C’est fini, il ne vous reste plus qu’à envoyer la chose aux bons éditeurs. C’est important, le choix des bons éditeurs, et ma prochaine chronique en parlera de façon plus complète, presque technique. En attendant, vous pouvez envoyer à tout le monde. Ou en tout cas aux éditeurs qui publient des livres semblables aux vôtres, par le ton ou par le sujet. Pour les repérer, faites au tour au salon du livre. C’est le seul endroit où toute la production de chaque éditeur est présentée, consultable. On peut alors voir des tendances se dégager. Si vous ne les voyez pas, il faudra dépenser plus de frais de photocopies, plus de timbres, et encaisser plus de vexations.

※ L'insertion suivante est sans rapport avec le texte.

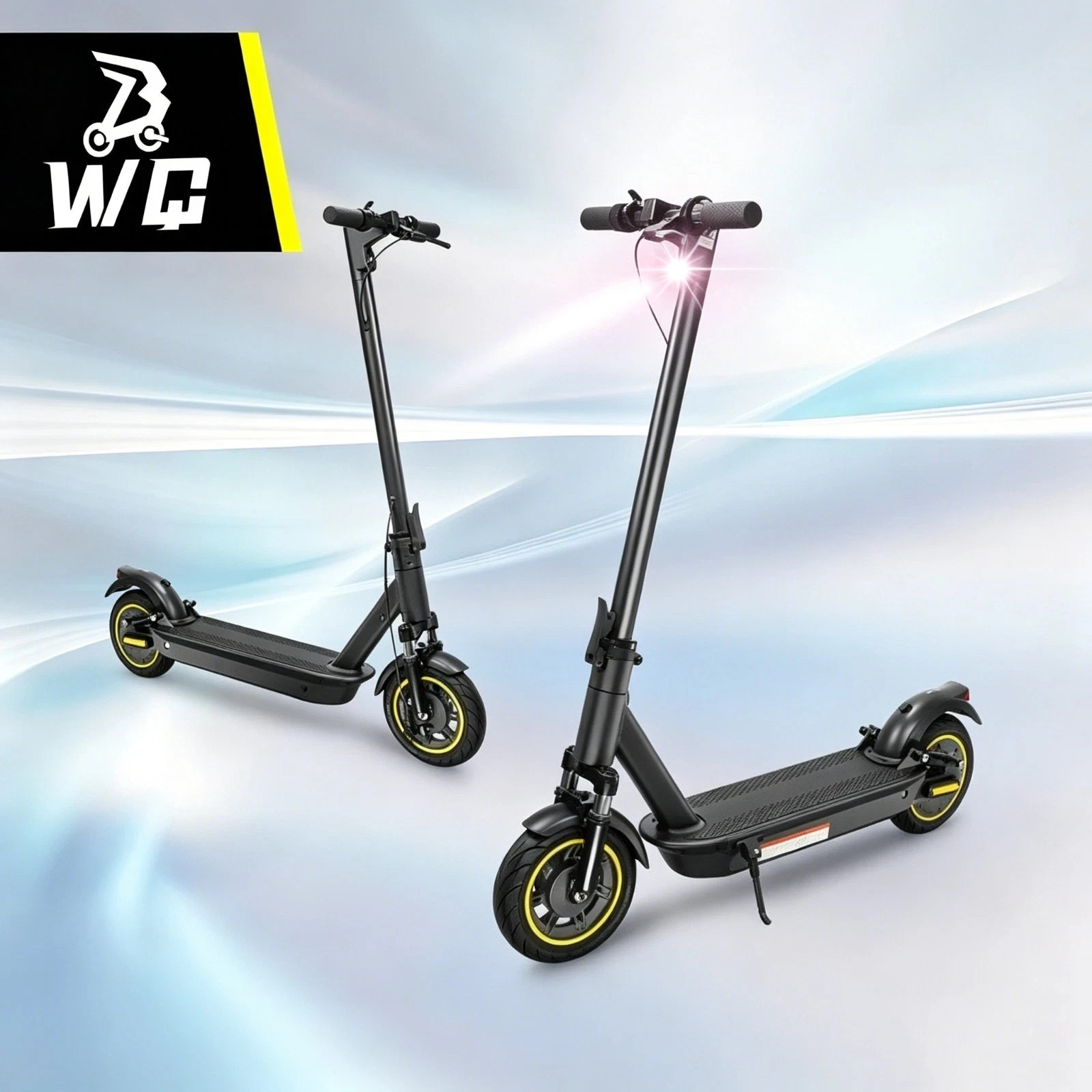 WQ W4 Max 10'' Monopattino Elettrico 350W 48V 13Ah Scooter Elettrico Fuoristrada Scooter Elettrico 33km/h IT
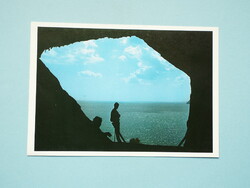 Képeslap (14) - Spanyolország - Mallorca - Cueva de Artà barlang 1980-as évek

Là, c’est vraiment fini. Il ne vous reste plus qu’à acheter un grand classeur noir où vous collerez une fiche mentionnant les envois et leurs dates, et où vous accumulerez les lettres de refus. Voilà, vous êtes devenu un candidat à l’édition qui s’est donné le maximum de chances avant d’être défait. Achetez aussi une chemise kaki et une veste noire pour le jour où un éditeur vous appelle, hé, ça arrive.

Cela, c’est la solution courageuse. Celle que j’ai toujours pratiquée, défendue, recommandée, puisqu’elle marche. Et j’ai toujours considéré que les histoires de romans présentés par des copains à des éditeurs copains n’étaient que des légendes germanopratines, ou des épiphénomènes montés en épingle par les recalés de l’édition.

Or je commence à réaliser que cette seconde solution existe, est amplement pratiquée, et donne d’excellents résultats. Appelons-la la solution pilotée. Elle fera l’objet de ma prochaine prochaine chronique, car ce billet du jour est déjà très long, (plus de 14.000 signes !), assez confus, et j’y parle trop de moi. On dirait du Proust. Ça manque d’imparfaits du subjonctif, je sais.